You mentioned that you went to see your mom, drove 150 miles, and reminded her that no one else did. Lauren, we have been friends for a while so I am going to candid. I think you made that trip, and gathered up all of the details of it for the wrong reasons. Your did those things so you could use them as a measuring stick, to prove all that you do that is worthy of her love; so much more worthy than the others who were not there through the painful times for her, or you.
Well my sweet sweet friend, you do not have to prove that you are worthy, YOU ARE WORTHY... and always have been! You are one of the most loving worthy individuals I have ever met. I believe on some level your mom felt it too. Her behavior did not demonstrate it, but it was not her fault, she simply did not have the capacity to see it or do anything about. I believe that is one of the gifts of heaven, that the garbage of the human condition falls away. The older I get the more I realize how people do the most unusual things to achieve the results they want. If everyone could comprehend the overall impact on others of their actions, we would live a very different world.
On a certain level you may prolong the healing because you are so entrenched in holding on to the painful past. I know it is hard, but no less hard than the behavior that consumed your mom. My prayer for you is that you can find a way to forgive her, and your sisters, and all of the rest of the family who simply do not comprehend the painful events of your life, and who have in large part ignored it or moved past it as a means to survive and live their own lives free of the pain you have endured.
I pray that through this holiday season you find a way to say (and mean it) "Mom, I want you to know that you hurt me more than words can say, and there are times that I hate you for it, but... most important is the fact that I love you, and I know beneath it all you love me.
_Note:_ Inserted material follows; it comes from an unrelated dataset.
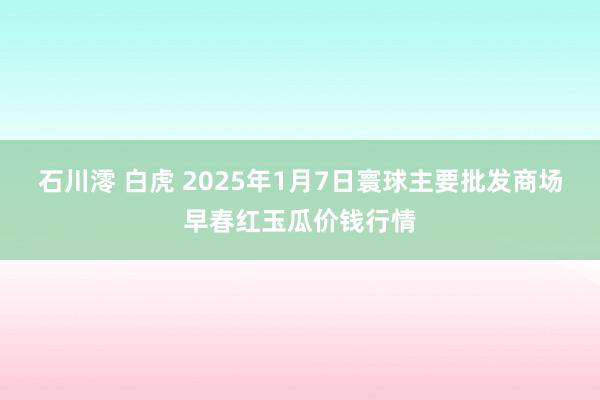 石川澪 白虎 2025年1月7日寰球主要批发商场早春红玉瓜价钱行情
I forgive you for all of the hurtful things you did to me. I know you loved me but were not capable of showing me in the way I needed. Regardless of all that came before, I love you and I embrace the fact that you love me. As of today I am freeing myself of the burden of seeking your approval. From this day forward I am taking control for both of us, something I understand you could never do for yourself, and I am going to live my life without any further focus on what was so wrong, but rather the love that was there but not expressed."
When you can, take a trip back to her grave, just enjoy it for you, don't measure it against anything and never tell a detail of the trip to anyone unless it is to say, "it was good." you will have moved in the right direction.
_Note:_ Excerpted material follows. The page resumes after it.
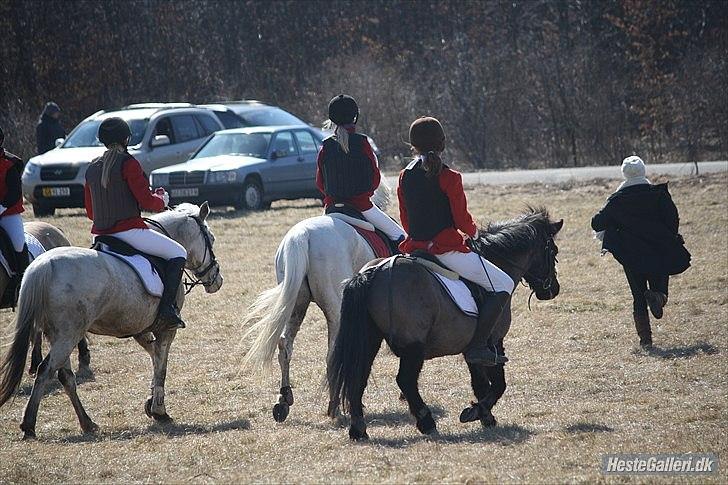 Anden særlig race Bonus billede 18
I felt very compelled to come to this site today, and as much as I care about everyone here, I felt an immediate need to look for a post from you. Now I can tell you why, out of the blue I had a dream about your mom again. It was just a dream, but if they count for anything I can tell you, she gets it, she is sorry, and she loves you with all of her heart.
You are a beautiful giving person who is worthy of tremendous love and respect. You have a wonderful husband who deserves all of you. As good as things are with him, when you can do some healing from a circumstance that was no more controllable by your mom, than it was for you, you will have more to give the man who loves you so much today, tomorrow, and forever. It is much easier said than done, but I pray that you can forgive, let go and live life NOW to its fullest extent!